‘They’re trying to take the whole enchilada:’ Environmentalists cry foul over industry-inspired changes to Bill C-69

We haven’t got a sober second thought, we’ve got a complete re-writing,’ said Josh Ginsberg, lawyer for Ecojustice

Minister of Environment and Climate Change Catherine McKenna is seen speaking at Laurentian University in Sudbury, Ont., on March 7, 2019.

OTTAWA — Environmentalists are raising the alarm over a suite of more than 250 amendments proposed for the Liberal government’s environmental review legislation, warning the industry-inspired changes could alter the bill beyond recognition.

On Monday evening the Senate energy committee will begin combing through as many as 300 proposed amendments to Bill C-69, which would overhaul the environmental review process for major projects like oil pipelines and nuclear facilities. The committee now has just three days to consider several packages of proposed amendments from both Conservative and Independent senators which, if accepted, would need to be sent back to the House of Commons for approval.

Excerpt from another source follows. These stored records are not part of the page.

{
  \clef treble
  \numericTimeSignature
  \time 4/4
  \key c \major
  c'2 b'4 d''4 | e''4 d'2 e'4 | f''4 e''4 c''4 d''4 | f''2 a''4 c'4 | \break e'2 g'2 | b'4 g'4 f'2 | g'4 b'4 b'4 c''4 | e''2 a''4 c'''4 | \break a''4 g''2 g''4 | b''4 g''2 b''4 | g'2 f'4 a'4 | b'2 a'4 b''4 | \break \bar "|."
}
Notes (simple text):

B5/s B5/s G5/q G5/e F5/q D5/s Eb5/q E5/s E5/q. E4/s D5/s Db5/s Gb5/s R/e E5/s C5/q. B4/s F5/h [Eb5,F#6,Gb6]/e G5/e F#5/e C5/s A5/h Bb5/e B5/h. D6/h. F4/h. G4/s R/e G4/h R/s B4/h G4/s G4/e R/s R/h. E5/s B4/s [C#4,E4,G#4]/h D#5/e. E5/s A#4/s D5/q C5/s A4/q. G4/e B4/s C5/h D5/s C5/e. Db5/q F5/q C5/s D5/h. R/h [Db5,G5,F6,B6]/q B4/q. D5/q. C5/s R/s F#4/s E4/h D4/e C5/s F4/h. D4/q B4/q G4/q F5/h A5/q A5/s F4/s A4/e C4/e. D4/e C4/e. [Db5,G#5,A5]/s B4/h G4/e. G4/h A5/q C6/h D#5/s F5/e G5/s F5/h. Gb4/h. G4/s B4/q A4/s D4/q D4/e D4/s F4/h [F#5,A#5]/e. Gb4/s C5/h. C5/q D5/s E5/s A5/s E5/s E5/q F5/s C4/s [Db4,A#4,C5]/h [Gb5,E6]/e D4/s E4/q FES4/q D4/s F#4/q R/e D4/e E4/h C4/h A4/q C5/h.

But environmentalists say the proposed changes would effectively wipe away some of the most critical environmental considerations in the bill, tipping the scales in favour of industry. They are focusing their criticism on the upper chamber, saying senators have folded to industry concerns in their study of Bill C-69.

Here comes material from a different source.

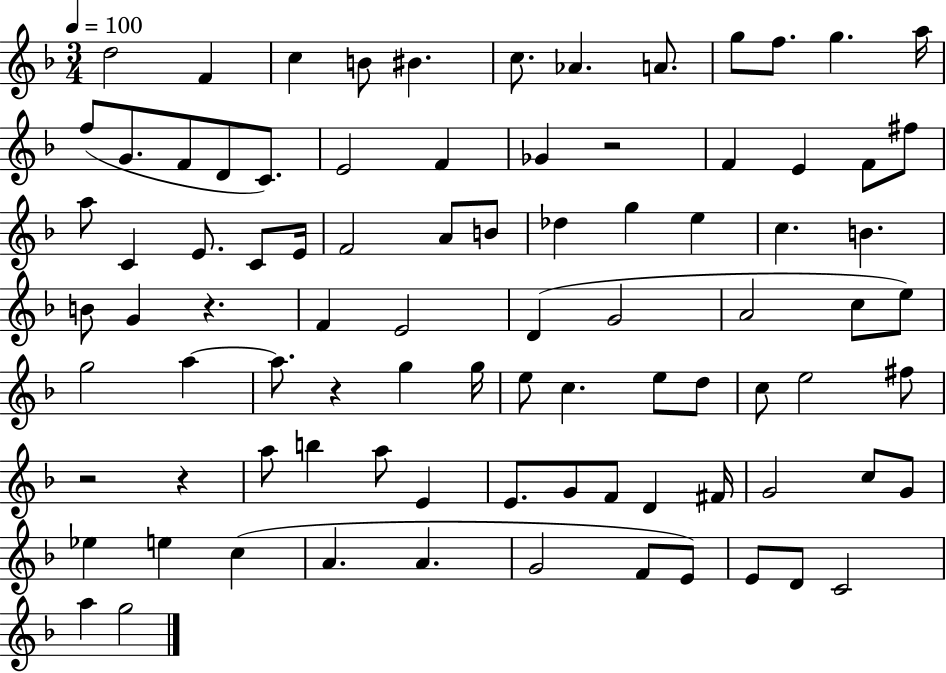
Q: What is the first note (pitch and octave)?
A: D5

“We haven’t got a sober second thought, we’ve got a complete re-writing,” said Josh Ginsberg, lawyer for Ecojustice.

He accused Conservative senators of taking a “copy and paste” approach to their amendments of the bill, after they put forward a number of proposed changes last week that directly reflected the demands of two oil and gas lobby groups.

“I’m concerned about the extent to which the oil and gas industry has influenced this process, and has dominated this process,” Ginsberg said.

A number of proposed amendments put forward by the Independent Senators Group are either fully or partially supported by the oil and gas industry, according to a document obtained by the National Post, presenting a real possibility that Bill C-69 is sent back to the House of Commons with major changes. In a review of 26 Independent amendments, the Canadian Association of Petroleum Producers (CAPP) fully supported three amendments, partially supported 10, and rejected 13.

The oil and gas sector began heaping criticism onto Bill C-69 shortly after it was introduced, saying it threatens to stop any major pipeline project from being built. Some argue that passage of the bill would add to constraints that have already hindered the construction of major oil pipelines, including the Trans Mountain expansion project now owned by the federal government. A number of provincial leaders including Alberta Premier Jason Kenney have also blasted the bill.

Environmental groups say those concerns are overblown, and that the proposed amendments threaten to dilute the underlying environmental thrust of the bill.

“This could weaken the whole point of environmental assessment, which is to consider climate impacts in their totality,” said Nichole Dusyk, senior analyst at Pembina Institute.

The heaviest criticisms of the bill have almost exclusively come from the oil and gas sector. Other interest groups representing the mining, hydro power and nuclear generation industries, for example, were broadly supportive of Bill C-69, and proposed only minor amendments.

Adding to environmentalist worries, senators will soon come up against their May 16 deadline to complete a final report on the legislation, forcing them to sift through hundreds of line-by-line amendments in just a few days.

“I honestly have no idea how they’re going to get through this,” Dusyk said.

Last week Conservative Senator Michael MacDonald, deputy chair of the energy committee, put forward a package of amendments that mirrored the proposed changes from CAPP and the Canadian Energy Pipeline Association (CEPA). They also included proposed changes from some provinces.